Graduate Institute of Clinical Medical Sciences, College of Medicine, Chang Gung University, Taoyuan, Taiwan.
Laryngoscope. 2018 Mar;128(3):554-559. doi: 10.1002/lary.26769. Epub 2017 Jul 17.
OBJECTIVE/HYPOTHESIS: Endonasal submucosal implantation has been confirmed to be beneficial for patients with empty nose syndrome (ENS). However, the optimal implantation site has not been defined. This study aimed to evaluate whether lateral nasal wall implantation is superior to inferior nasal wall implantation in terms of clinical benefits and improvements in quality of life.
Retrospective study in a tertiary medical center.
Consecutive ENS patients between 2010 and 2015 with operative histories of inferior turbinectomies and indicated for surgical implantation were enrolled, with at least 1-year follow-up. Patients were divided into lateral and inferior nasal wall groups. SinoNasal Outcome Test (SNOT)-22, Beck Depression Inventory (BDI)-II, and Beck Anxiety Inventory (BAI) were applied before and 1 year after implantation.

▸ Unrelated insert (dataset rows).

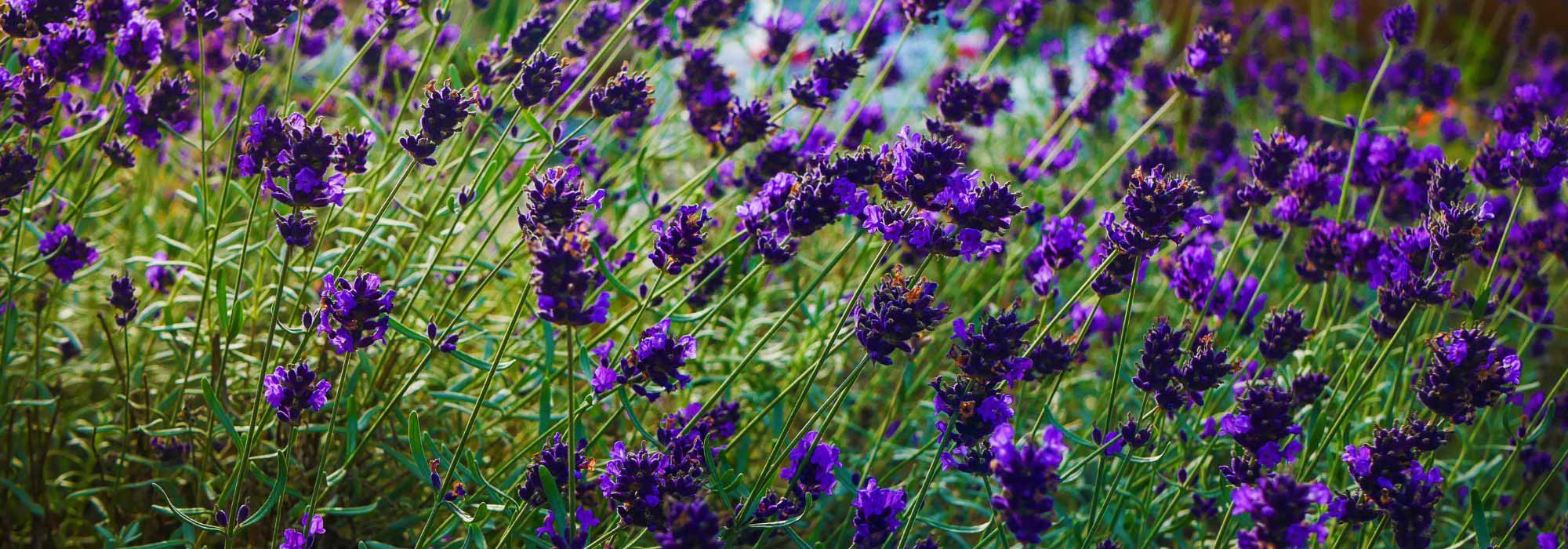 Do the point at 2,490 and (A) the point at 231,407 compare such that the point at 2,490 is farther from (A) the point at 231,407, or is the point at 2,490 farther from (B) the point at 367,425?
(B) the point at 367,425

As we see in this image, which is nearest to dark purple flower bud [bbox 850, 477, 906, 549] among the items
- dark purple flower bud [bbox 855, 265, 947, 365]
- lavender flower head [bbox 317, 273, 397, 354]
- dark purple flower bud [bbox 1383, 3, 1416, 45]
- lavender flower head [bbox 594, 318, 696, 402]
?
dark purple flower bud [bbox 855, 265, 947, 365]

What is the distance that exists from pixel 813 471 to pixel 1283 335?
3.30 feet

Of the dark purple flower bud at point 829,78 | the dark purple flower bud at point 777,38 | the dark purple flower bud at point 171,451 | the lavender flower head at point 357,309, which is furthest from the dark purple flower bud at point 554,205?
the dark purple flower bud at point 777,38

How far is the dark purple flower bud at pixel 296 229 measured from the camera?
5.77 feet

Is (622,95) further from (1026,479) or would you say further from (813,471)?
(1026,479)

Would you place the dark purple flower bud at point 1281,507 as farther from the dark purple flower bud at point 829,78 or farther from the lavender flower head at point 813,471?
the dark purple flower bud at point 829,78

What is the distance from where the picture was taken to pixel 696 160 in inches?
176

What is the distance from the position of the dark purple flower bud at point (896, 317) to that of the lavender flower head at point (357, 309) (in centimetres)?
74

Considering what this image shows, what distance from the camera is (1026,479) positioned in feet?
4.77

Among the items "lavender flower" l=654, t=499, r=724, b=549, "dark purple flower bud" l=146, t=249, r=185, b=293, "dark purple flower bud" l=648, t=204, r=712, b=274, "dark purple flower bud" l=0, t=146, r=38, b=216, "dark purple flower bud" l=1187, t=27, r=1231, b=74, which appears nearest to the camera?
"lavender flower" l=654, t=499, r=724, b=549

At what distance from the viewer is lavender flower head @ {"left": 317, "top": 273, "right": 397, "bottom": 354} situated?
1685 millimetres

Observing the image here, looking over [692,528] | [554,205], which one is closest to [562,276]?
[554,205]

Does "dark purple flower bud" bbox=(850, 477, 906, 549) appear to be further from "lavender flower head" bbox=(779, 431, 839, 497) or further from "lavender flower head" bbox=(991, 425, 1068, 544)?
"lavender flower head" bbox=(991, 425, 1068, 544)

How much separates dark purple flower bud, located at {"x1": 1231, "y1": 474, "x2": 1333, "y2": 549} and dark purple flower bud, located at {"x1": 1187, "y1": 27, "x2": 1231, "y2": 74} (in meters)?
1.57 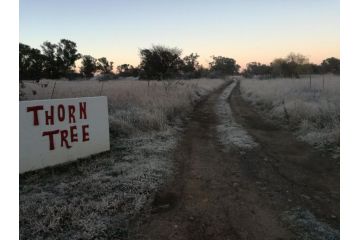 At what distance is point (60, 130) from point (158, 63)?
21.4 meters

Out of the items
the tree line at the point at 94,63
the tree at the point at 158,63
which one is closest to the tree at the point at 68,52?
the tree line at the point at 94,63

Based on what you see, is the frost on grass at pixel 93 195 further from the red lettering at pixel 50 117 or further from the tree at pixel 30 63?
the tree at pixel 30 63

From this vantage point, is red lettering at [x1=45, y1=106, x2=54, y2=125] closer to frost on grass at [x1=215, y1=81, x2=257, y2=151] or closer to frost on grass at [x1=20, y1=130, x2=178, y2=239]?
frost on grass at [x1=20, y1=130, x2=178, y2=239]

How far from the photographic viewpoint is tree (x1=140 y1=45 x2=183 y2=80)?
90.2ft

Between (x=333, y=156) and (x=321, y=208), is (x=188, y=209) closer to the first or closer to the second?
(x=321, y=208)

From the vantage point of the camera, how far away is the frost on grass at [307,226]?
160 inches

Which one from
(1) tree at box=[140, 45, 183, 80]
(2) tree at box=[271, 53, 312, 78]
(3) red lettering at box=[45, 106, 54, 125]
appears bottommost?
(3) red lettering at box=[45, 106, 54, 125]

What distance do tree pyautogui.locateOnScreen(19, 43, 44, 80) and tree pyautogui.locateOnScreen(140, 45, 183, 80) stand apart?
14.8 m

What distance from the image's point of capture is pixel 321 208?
4.89 metres

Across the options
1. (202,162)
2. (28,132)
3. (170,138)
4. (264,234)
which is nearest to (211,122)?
(170,138)

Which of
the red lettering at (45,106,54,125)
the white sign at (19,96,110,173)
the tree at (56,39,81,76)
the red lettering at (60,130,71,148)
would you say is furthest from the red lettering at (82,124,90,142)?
the tree at (56,39,81,76)

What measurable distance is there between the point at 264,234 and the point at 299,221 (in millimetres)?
654

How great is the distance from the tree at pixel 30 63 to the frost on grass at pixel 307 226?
1040 centimetres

Of the total 30 ENS patients analyzed, 14 were in the inferior nasal wall group and 16 were in the lateral nasal wall group. There were no significant intergroup differences in demographic data and preoperative SNOT-22, BDI-II, and BAI scores. Postoperative assessment revealed that the lateral nasal wall group had significantly better SNOT-22 score improvements than the inferior nasal wall group, particularly regarding rhinological symptoms and sleep function.

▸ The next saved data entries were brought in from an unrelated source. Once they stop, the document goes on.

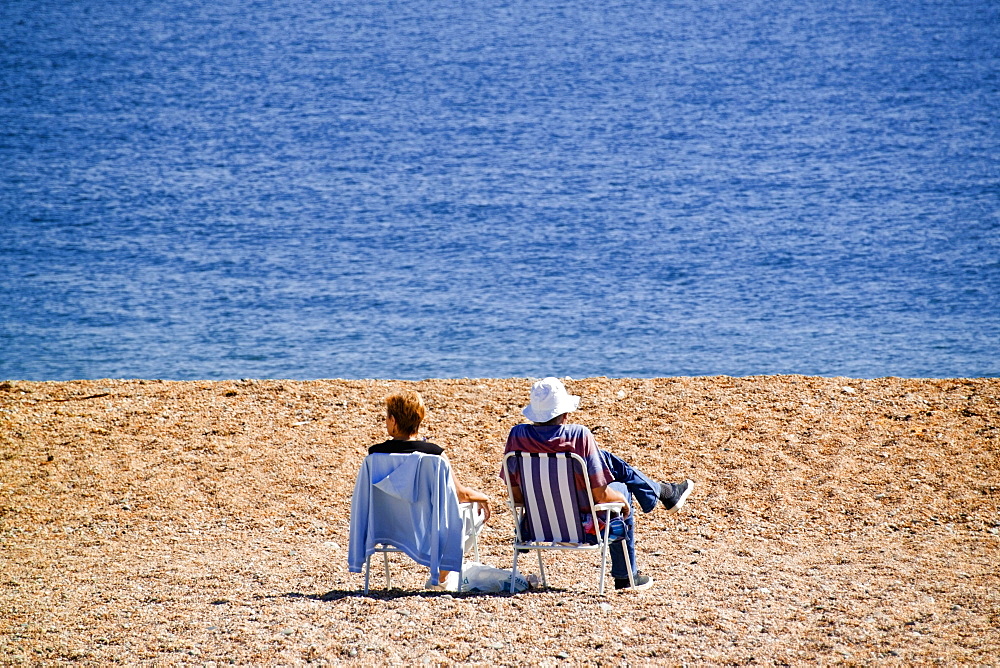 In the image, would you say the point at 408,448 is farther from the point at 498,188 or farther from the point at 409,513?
the point at 498,188

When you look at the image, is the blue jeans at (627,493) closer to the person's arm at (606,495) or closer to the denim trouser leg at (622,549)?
the denim trouser leg at (622,549)

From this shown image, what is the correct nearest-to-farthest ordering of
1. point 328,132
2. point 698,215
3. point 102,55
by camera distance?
point 698,215, point 328,132, point 102,55

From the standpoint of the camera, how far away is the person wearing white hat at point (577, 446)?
579cm

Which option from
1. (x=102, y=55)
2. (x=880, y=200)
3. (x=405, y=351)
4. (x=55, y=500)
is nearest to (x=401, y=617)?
(x=55, y=500)

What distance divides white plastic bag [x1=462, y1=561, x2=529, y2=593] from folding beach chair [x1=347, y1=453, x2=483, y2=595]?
8.5 inches

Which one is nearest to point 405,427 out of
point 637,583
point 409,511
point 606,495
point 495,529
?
point 409,511

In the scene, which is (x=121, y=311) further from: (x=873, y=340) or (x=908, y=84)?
(x=908, y=84)

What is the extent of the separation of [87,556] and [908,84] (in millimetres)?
44334

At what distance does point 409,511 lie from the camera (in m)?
5.93

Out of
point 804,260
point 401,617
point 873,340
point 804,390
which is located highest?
point 804,260

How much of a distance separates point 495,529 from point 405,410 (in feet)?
7.19

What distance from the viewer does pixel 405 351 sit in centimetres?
1838

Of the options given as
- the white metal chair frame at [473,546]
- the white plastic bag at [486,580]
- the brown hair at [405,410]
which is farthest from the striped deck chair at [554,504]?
the brown hair at [405,410]

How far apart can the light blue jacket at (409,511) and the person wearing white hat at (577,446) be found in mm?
447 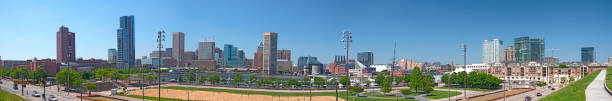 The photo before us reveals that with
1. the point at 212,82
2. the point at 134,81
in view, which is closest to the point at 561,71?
the point at 212,82

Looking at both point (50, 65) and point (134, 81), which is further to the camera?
point (50, 65)

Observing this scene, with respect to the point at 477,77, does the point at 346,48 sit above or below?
above

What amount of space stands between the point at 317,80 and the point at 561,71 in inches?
3458

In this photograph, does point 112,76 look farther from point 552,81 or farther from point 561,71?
point 561,71

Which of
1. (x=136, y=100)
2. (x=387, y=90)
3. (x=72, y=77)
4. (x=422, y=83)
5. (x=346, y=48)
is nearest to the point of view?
(x=346, y=48)

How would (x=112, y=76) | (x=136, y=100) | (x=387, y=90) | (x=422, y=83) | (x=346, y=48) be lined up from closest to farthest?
(x=346, y=48) → (x=136, y=100) → (x=387, y=90) → (x=422, y=83) → (x=112, y=76)

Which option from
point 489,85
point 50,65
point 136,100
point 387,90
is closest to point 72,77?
point 136,100

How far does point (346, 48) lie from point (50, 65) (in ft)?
467

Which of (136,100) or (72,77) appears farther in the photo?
(72,77)

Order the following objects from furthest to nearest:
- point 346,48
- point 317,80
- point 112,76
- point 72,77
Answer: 1. point 112,76
2. point 317,80
3. point 72,77
4. point 346,48

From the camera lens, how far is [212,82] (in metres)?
112

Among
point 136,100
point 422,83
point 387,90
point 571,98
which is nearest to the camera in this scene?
point 571,98

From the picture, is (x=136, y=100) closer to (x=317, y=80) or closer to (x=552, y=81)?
(x=317, y=80)

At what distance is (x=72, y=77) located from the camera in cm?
8538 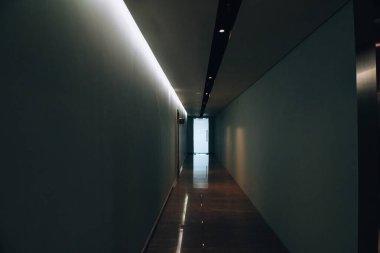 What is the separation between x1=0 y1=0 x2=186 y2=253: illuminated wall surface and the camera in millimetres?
1055

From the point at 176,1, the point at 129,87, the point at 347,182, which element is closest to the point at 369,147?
the point at 347,182

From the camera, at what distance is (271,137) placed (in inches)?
187

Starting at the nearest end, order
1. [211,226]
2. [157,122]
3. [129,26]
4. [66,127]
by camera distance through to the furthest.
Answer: [66,127], [129,26], [211,226], [157,122]

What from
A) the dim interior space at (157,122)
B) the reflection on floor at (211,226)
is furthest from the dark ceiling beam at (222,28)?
the reflection on floor at (211,226)

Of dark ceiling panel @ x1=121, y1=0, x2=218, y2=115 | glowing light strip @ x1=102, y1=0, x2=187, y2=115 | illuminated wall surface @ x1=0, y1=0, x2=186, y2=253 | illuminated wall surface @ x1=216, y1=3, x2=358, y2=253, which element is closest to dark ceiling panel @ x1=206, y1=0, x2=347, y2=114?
illuminated wall surface @ x1=216, y1=3, x2=358, y2=253

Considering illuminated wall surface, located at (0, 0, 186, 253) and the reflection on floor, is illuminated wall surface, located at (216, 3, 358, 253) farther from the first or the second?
illuminated wall surface, located at (0, 0, 186, 253)

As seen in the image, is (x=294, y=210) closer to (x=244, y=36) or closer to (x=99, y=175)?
(x=244, y=36)

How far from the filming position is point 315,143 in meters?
2.96

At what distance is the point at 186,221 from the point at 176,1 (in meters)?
4.16

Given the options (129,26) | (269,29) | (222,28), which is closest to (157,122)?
(129,26)

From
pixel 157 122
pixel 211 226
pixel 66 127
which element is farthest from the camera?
pixel 157 122

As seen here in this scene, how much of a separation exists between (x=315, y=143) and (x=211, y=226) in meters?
2.73

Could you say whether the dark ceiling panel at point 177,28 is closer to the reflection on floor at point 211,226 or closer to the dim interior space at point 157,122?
the dim interior space at point 157,122

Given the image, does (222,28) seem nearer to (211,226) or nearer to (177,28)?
(177,28) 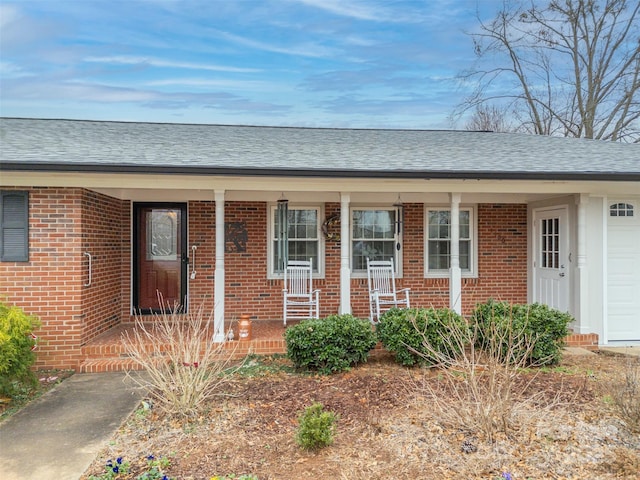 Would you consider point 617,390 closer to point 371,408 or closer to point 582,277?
point 371,408

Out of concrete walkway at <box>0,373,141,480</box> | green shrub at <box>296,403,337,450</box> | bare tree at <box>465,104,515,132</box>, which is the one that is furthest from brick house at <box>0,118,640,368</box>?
bare tree at <box>465,104,515,132</box>

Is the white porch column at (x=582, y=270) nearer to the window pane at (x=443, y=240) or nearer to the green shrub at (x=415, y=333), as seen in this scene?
the window pane at (x=443, y=240)

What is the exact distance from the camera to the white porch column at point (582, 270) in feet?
22.1

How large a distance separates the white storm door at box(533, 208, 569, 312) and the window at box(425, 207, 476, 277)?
1.14 meters

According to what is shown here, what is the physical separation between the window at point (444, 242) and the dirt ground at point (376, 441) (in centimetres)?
405

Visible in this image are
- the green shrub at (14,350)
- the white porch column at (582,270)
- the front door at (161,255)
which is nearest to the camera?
the green shrub at (14,350)

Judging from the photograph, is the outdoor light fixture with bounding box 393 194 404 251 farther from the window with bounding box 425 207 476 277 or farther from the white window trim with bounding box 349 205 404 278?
the window with bounding box 425 207 476 277

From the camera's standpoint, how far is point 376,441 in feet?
11.2

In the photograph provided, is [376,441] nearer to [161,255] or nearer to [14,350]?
[14,350]

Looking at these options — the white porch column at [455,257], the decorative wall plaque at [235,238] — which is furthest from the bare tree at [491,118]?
the decorative wall plaque at [235,238]

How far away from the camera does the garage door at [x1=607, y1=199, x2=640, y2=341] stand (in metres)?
6.91

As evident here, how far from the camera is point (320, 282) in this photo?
8242 millimetres

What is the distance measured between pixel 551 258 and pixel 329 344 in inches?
191

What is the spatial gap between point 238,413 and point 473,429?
6.69 feet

Lateral nasal wall implantation may provide significantly better clinical outcomes than inferior nasal wall implantation, and thus may be the preferred, more optimal site for implant placement in ENS patients.

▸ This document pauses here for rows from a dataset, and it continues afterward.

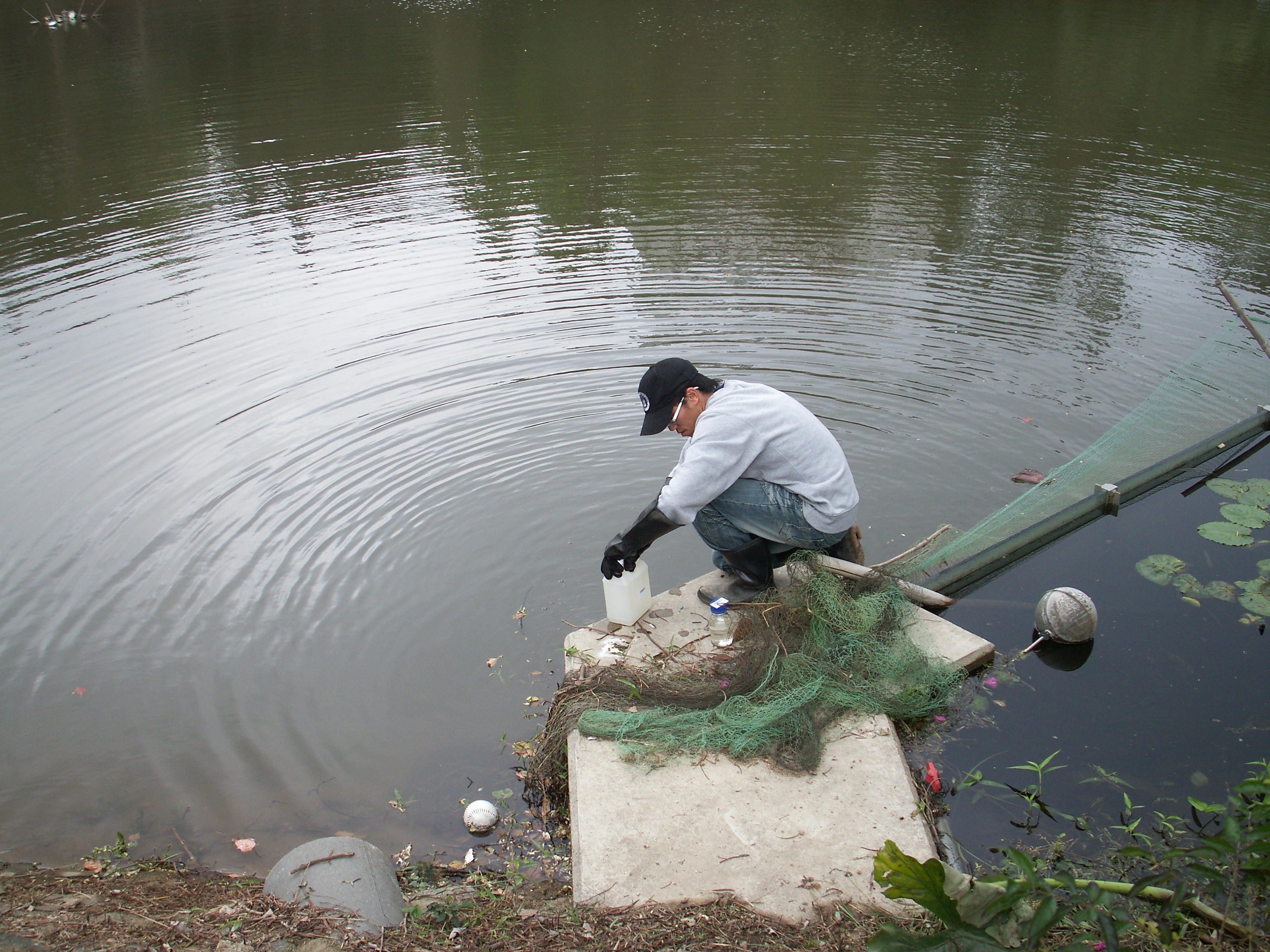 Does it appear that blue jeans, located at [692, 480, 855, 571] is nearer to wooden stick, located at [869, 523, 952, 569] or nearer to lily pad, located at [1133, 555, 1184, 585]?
wooden stick, located at [869, 523, 952, 569]

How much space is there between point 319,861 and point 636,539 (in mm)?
1698

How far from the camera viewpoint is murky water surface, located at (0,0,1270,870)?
4.32 meters

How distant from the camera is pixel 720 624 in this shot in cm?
419

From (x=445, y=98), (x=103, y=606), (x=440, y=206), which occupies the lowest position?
(x=103, y=606)

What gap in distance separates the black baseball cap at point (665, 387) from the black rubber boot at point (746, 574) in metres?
0.77

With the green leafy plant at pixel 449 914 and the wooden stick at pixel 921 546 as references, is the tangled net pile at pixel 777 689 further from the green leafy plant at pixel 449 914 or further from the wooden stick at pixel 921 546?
the green leafy plant at pixel 449 914

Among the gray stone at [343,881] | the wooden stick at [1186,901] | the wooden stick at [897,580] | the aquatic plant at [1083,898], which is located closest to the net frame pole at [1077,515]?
the wooden stick at [897,580]

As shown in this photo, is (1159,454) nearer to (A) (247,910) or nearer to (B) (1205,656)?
(B) (1205,656)

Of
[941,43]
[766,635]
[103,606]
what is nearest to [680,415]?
[766,635]

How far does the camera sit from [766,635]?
3.96 m

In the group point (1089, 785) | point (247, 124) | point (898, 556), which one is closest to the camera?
point (1089, 785)

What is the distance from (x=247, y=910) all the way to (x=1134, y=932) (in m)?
2.70

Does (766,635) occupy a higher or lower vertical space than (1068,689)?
higher

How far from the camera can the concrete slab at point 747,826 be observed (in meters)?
2.87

目的/假设:经鼻黏膜下植入术已被证实对空鼻综合征(ENS)患者有益。然而,最佳植入部位尚未确定。本研究旨在评估鼻侧壁植入术在临床益处和生活质量改善方面是否优于鼻下壁植入术。
在一家三级医疗中心进行的回顾性研究。
纳入2010年至2015年间有下鼻甲切除术手术史且适合手术植入的连续性ENS患者,随访至少1年。患者分为鼻侧壁组和鼻下壁组。在植入前及植入后1年应用鼻鼻窦结局测试(SNOT)-22、贝克抑郁量表(BDI)-II和贝克焦虑量表(BAI)。
在分析的30例ENS患者中,14例在鼻下壁组,16例在鼻侧壁组。两组在人口统计学数据以及术前SNOT-22、BDI-II和BAI评分方面无显著差异。术后评估显示,鼻侧壁组的SNOT-22评分改善明显优于鼻下壁组,尤其是在鼻部症状和睡眠功能方面。
鼻侧壁植入术可能比鼻下壁植入术提供明显更好的临床效果,因此可能是ENS患者植入物放置的首选、更优部位。
4。《喉镜》,2018年,第128卷,第554 - 559页。